8. **`backup` role + `fisi` pull node** — restic Model A, pCloud + USB air-gap (ADR-022).
9. **Forgejo Actions CI** — runner + workflows (ADR-003/010, TODO 1).
---
## Underneath both — Cross-cutting / ongoing
- **Accept ADR-011** (update management) — resolve its 6 open questions before the first
scheduled patch run (TODO 16).
- **Kaizen `/retro`** + keep appending to `docs/FRICTION.md` (TODO 11); **`/security-review`**
skill (TODO 8.5); **`/review-repo` fortnightly cron** + headless email (TODO 8.1);
`scheduled_jobs` role (TODO 8.3).
- **User-notification function** — ntfy / matrix / email so tools + AI can reach the
operator (TODO 9; ties to ADR-011 control channel).
### Parked decisions — decide when they bite, not before
- Split-horizon FQDN with or without `nyumbani` (TODO 4) — likely settled in M1.
- Central database server vs per-app databases (TODO 3.9) — at the service phase.
- Script-dependencies policy: stdlib-only vs selective libraries (TODO 14).
- Keep the custom Molecule base-image method as testing matures (TODO 3.10).
---
## Next step
**Phase 1 complete (M1M5); mesh-hardening: ubongo (2/3) DONE 2026-06-19, askari redesign DONE 2026-06-20.**
Both hosts now run INPUT-only nftables default-deny (`base__firewall_input_only`), live reboot-validated.
askari's redesign (spec/plan `docs/superpowers/{specs,plans}/2026-06-19-mesh-hardening-askari-redesign*`)
applied INPUT-only default-deny + `wt0`-primary SSH + a permanent WAN break-glass + a geo-disabled
coordinator; a real reboot recovered unattended.

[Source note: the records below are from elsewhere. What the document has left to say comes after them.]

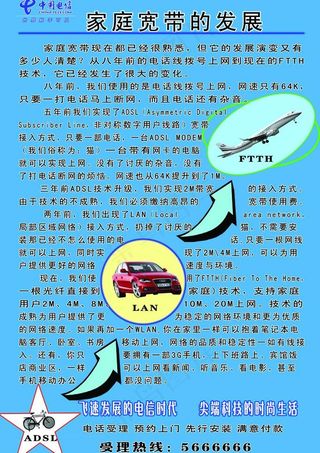 电信促销信息图片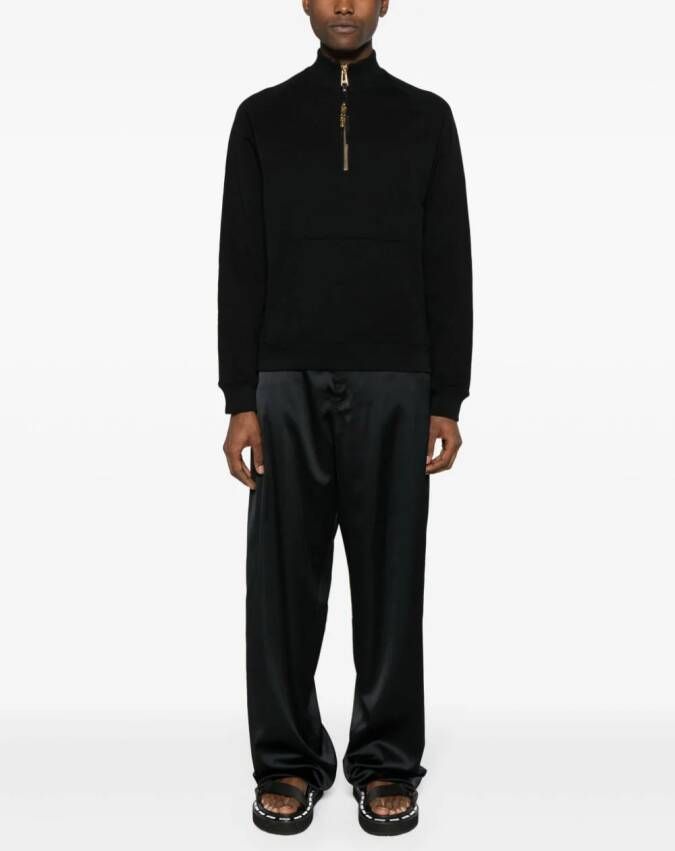 Moschino Sweater verfraaid met logo Zwart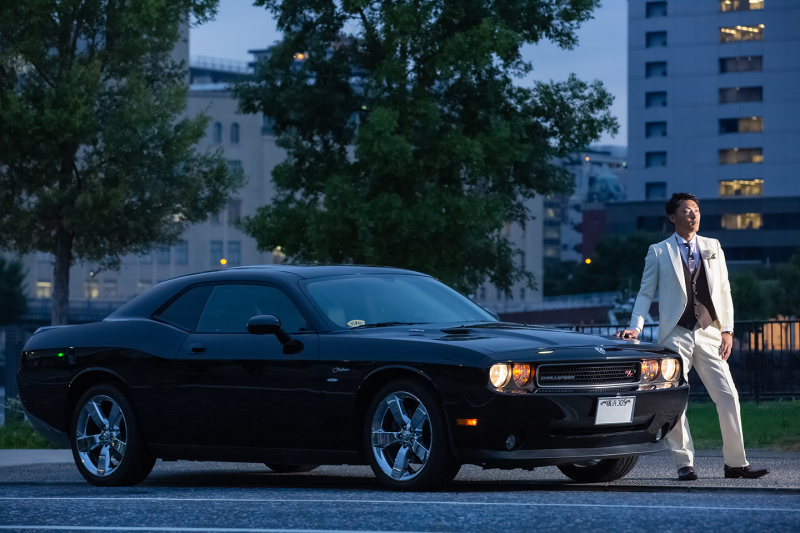 with your favorite car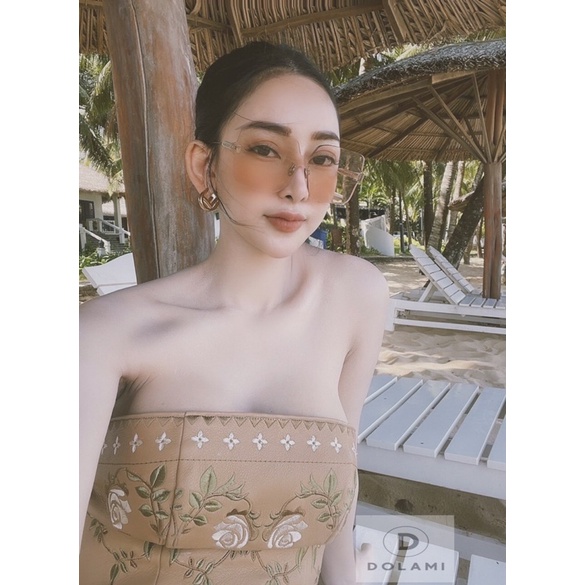 👗 Set chân váy dập ly quây da👗 _COBÉ_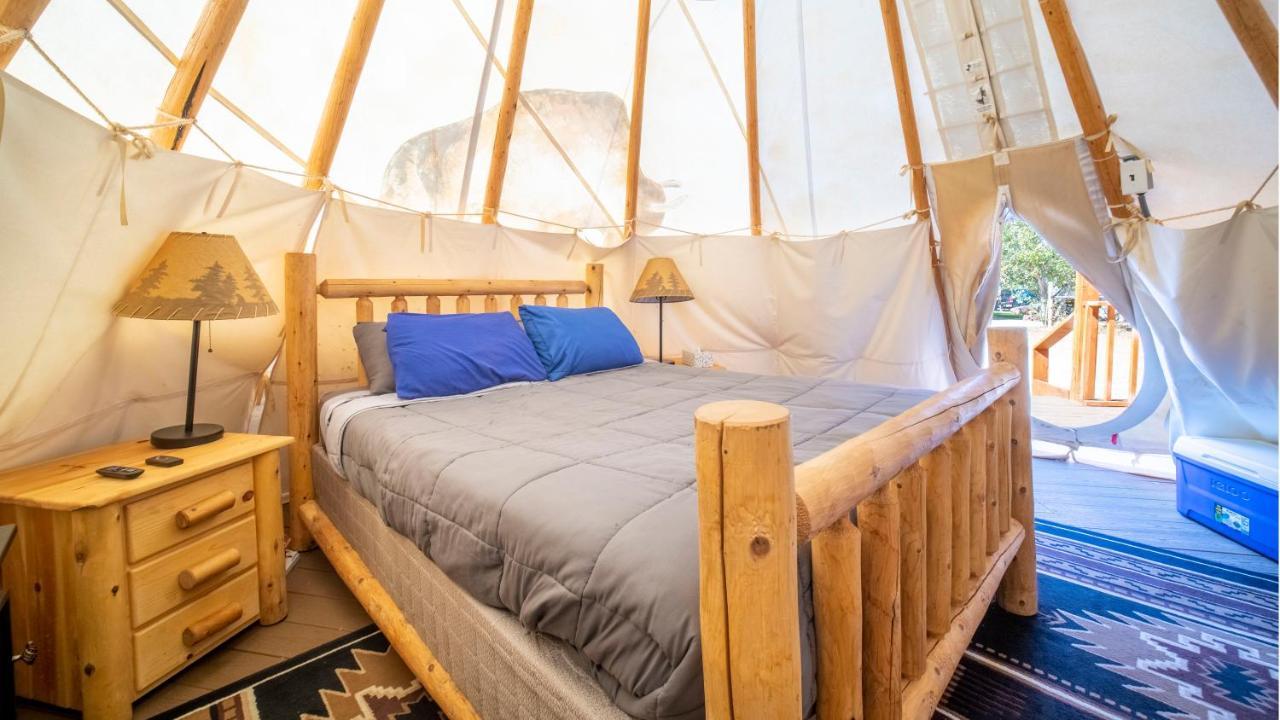فندق موآبفي  Ok Rv Park Glamping Tipi Ok55 المظهر الخارجي الصورة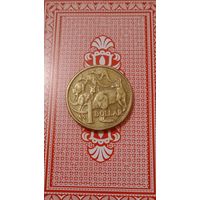 Австралия 1 доллар 1984 кенгуру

Remaining mesh-hardening sub-projects:
1. ~~`ubongo` nftables default-deny + `ssh-from-control`~~**DONE (2026-06-19).**
2. ~~**redesign** `askari`'s SSH → `wt0`~~**DONE (2026-06-20)** — boot-race, coordinator-bootstrap
chicken-egg, and Docker-nat-flush all resolved + live reboot-validated.
3. ~~**askari relay-SPOF reduction**~~**DONE (2026-06-20)** — assessed + **accepted** as a
documented availability risk (R8 + ADR-016 availability amendment): the blast radius is
narrow (LAN/intra-cluster/local traffic never touch askari), so no P2P / second relay /
second coordinator was warranted. Hardened the one real gap — a managed-host coordinator-FQDN
DNS pin (`base__mesh_coordinator_pin`). The coordinator off-site backup gap is handed to ADR-022.
4. **NetBird ACL off Allow-All** to scoped policies (open mechanism question — no headless API path).
5. **ADR-022 backup kickoff** — off-site backup of the `netbird_coordinator` store (named in R8 /
BACKUP.md) as the first slice of the backup role (restic + the `fisi` pull node).
**Then** the Procurement gate (`/capacity-review` → buy Proxmox hardware) opens Phase 2.